Em uma sociedade tão influenciada pelas redes sociais como a brasileira, a visibilidade torna-se um caminho viável para fugir da realidade desigual do país e tentar conseguir um lugar ao sol. Débora enxerga o BBB como uma competição que busca mais que um prêmio milionário, mas a mudança de vida que a exposição traz: “É um microcosmo social onde a essência é o necessário para conquistar o Brasil e se tornar mais do que mais um na multidão”.
Ex-participante do Big Brother, Gilberto, o“Gil do Vigor”, mantém parcerias publicitárias desde sua saída do programa, que ficou em 4º lugar
Foto: Reprodução / Instagram
ATRATIVIDADE
Para muitos, consumir o BBB já se tornou um ritual anual. Fã antiga, Elaine Silva chega, neste ano, à décima edição do reality como uma espectadora assídua. A jovem afirma que a audiência do Big Brother tem se tornado cada vez mais dividida e radical: “Cada grupo elege o seu favorito e o assunto evolui para uma briga de juízos de valor, como duas torcidas rivais de futebol”.
A dualidade de torcidas do programa atingiu seu auge na edição de 2020, em que o paredão entre o arquiteto Felipe Prior e a cantora Manu Gavassi contou com a presença de diversas pessoas públicas para se posicionar contra o suposto racismo de Manu ou o considerado machismo de Prior.
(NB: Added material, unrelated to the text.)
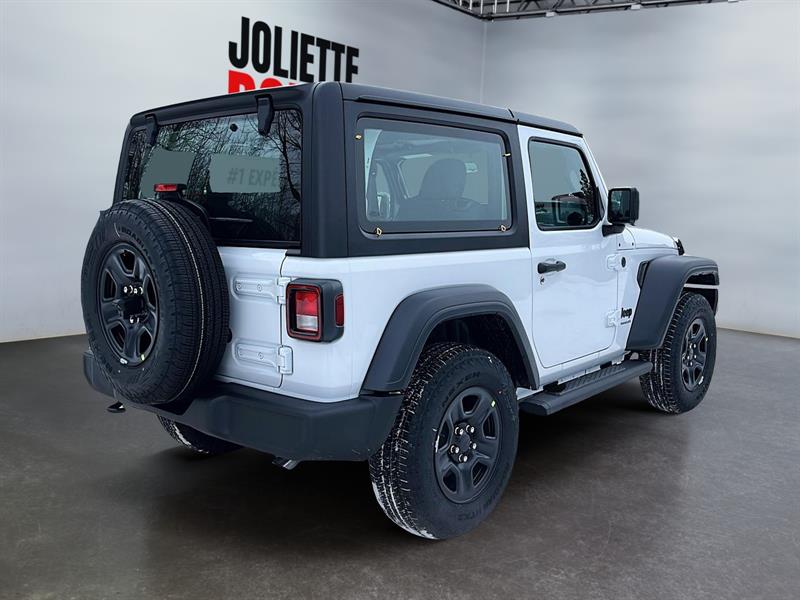 jeep Wrangler 2026 - 8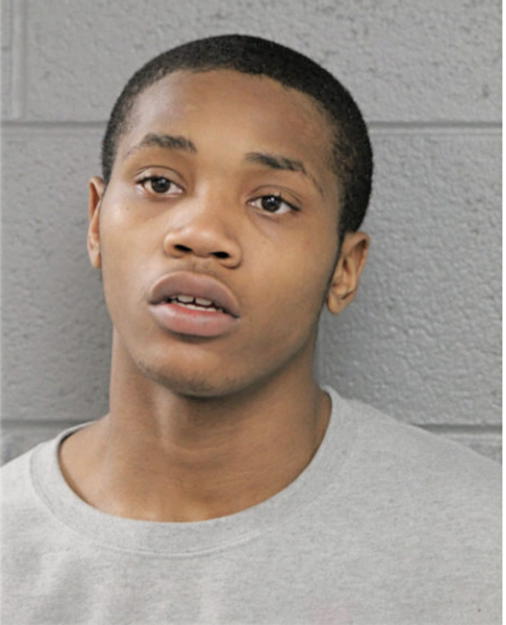 DEANDRE J WILSON, Cook County, Illinois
Essa bipolaridade quebrou o recorde de votação popular do programa, com 1,5 bilhão de votos que decidiram pela permanência de Manu Gavassi e suas “Fadas Sensatas", nome dado ao fã clube.
O pensador francês Michel Foucault já discutia a ideia de vigiar e punir como um artifício poderoso e de muito interesse da sociedade. O controle cedido pela emissora ao público e toda a sensação de poder que o acompanha atrai mais telespectadores. Escolhas sobre certo e errado ou merecer e não merecer estão inseridas no programa desde antes da ingressão dos “brothers”, que têm seu passado revistado e precisam de um aval democrático da própria audiência para entrar.
Débora Rocha ressalta ainda a necessidade das informações comportamentais para Rede Globo, que busca nas reações dos telespectadores uma maneira de tornar a edição seguinte mais próxima do que o público quer e lucrar cada vez mais através disso.
O espetáculo vai muito além da competição: ele busca trazer novos rostos ao hall da fama, mais afetuosos que os antecessores e menos que os sucessores. O BBB ainda faz questão de determinar um meio de premiar os outros envolvidos. Seja no poder de opinar, vigiar e punir para o público ou no monopólio e lucro da emissora, a “transparência” é um componente importante na construção da imagem de um reality recompensador que tanto lhe concede sucesso. Só um mero detalhe dispensa recibo: ao se virar para a televisão, ela também te olha de volta.